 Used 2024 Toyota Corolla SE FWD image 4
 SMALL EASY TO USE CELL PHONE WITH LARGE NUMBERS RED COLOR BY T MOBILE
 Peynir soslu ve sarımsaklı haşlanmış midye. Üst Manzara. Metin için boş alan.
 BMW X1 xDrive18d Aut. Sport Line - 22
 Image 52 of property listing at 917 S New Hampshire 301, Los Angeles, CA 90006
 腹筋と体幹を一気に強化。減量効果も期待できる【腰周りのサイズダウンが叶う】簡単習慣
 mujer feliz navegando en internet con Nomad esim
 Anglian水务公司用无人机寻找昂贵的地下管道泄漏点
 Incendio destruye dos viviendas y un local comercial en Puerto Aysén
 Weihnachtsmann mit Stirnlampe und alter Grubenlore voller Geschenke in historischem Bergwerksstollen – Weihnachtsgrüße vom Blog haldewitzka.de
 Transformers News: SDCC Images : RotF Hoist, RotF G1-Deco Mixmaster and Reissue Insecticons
○ ○ ○ ○ ○ ○ ○
*Task directions*: Repeat each line of the data exactly as it appears above.

*Solution to this exercise*:
 Used 2024 Toyota Corolla SE FWD image 4
 SMALL EASY TO USE CELL PHONE WITH LARGE NUMBERS RED COLOR BY T MOBILE
 Peynir soslu ve sarımsaklı haşlanmış midye. Üst Manzara. Metin için boş alan.
 BMW X1 xDrive18d Aut. Sport Line - 22
 Image 52 of property listing at 917 S New Hampshire 301, Los Angeles, CA 90006
 腹筋と体幹を一気に強化。減量効果も期待できる【腰周りのサイズダウンが叶う】簡単習慣
 mujer feliz navegando en internet con Nomad esim
 Anglian水务公司用无人机寻找昂贵的地下管道泄漏点
 Incendio destruye dos viviendas y un local comercial en Puerto Aysén
 Weihnachtsmann mit Stirnlampe und alter Grubenlore voller Geschenke in historischem Bergwerksstollen – Weihnachtsgrüße vom Blog haldewitzka.de
 Transformers News: SDCC Images : RotF Hoist, RotF G1-Deco Mixmaster and Reissue Insecticons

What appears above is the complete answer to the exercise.